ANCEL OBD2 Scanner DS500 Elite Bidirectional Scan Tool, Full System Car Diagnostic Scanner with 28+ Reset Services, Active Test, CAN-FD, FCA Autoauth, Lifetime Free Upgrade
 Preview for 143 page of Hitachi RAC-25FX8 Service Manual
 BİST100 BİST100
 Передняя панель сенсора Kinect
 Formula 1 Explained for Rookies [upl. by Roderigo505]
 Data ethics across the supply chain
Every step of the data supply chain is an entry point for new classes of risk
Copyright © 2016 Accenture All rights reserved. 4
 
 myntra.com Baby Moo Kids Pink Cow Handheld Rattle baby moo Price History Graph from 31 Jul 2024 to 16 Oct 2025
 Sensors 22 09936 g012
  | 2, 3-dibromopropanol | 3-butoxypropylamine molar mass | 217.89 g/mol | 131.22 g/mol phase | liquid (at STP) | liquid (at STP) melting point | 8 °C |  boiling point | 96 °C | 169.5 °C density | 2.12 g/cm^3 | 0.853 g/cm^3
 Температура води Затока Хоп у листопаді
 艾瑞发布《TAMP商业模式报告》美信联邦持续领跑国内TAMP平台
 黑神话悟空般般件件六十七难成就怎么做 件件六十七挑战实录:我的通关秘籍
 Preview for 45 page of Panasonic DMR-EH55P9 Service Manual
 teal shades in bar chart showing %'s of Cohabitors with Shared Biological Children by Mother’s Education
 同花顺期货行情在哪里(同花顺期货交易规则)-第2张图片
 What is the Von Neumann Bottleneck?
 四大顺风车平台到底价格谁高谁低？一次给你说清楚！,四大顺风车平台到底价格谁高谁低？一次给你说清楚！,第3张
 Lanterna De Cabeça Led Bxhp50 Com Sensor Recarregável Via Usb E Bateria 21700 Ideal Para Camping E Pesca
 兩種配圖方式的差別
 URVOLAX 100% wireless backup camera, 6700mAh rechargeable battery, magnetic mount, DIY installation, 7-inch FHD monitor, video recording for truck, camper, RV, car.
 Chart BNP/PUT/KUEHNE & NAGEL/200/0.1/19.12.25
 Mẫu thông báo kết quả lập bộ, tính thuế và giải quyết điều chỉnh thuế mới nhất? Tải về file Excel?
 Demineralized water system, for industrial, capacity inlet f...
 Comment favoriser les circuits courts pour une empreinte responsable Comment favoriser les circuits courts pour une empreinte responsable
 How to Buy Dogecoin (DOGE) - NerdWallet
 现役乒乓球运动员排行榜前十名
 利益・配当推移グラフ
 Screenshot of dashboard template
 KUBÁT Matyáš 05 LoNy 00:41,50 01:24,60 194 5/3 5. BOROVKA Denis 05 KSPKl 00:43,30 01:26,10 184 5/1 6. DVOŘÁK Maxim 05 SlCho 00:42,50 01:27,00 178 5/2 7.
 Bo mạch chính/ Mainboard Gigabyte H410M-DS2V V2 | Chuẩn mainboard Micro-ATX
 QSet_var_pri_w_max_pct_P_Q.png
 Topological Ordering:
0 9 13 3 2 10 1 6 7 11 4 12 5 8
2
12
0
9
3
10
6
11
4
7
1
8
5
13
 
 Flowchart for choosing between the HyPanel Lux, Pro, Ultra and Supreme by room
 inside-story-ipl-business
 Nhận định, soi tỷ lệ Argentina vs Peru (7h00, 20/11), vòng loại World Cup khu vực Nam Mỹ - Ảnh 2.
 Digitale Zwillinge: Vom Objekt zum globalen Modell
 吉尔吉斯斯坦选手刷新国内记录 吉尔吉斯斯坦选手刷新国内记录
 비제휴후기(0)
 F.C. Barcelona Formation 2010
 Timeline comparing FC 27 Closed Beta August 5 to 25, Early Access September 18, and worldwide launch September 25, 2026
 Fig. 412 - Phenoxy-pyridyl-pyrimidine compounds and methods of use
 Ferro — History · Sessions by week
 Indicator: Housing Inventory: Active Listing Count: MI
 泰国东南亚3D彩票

# Prompt:
Count the lines in the material containing the string "supply", and state the number with nothing added.

# Output below:
2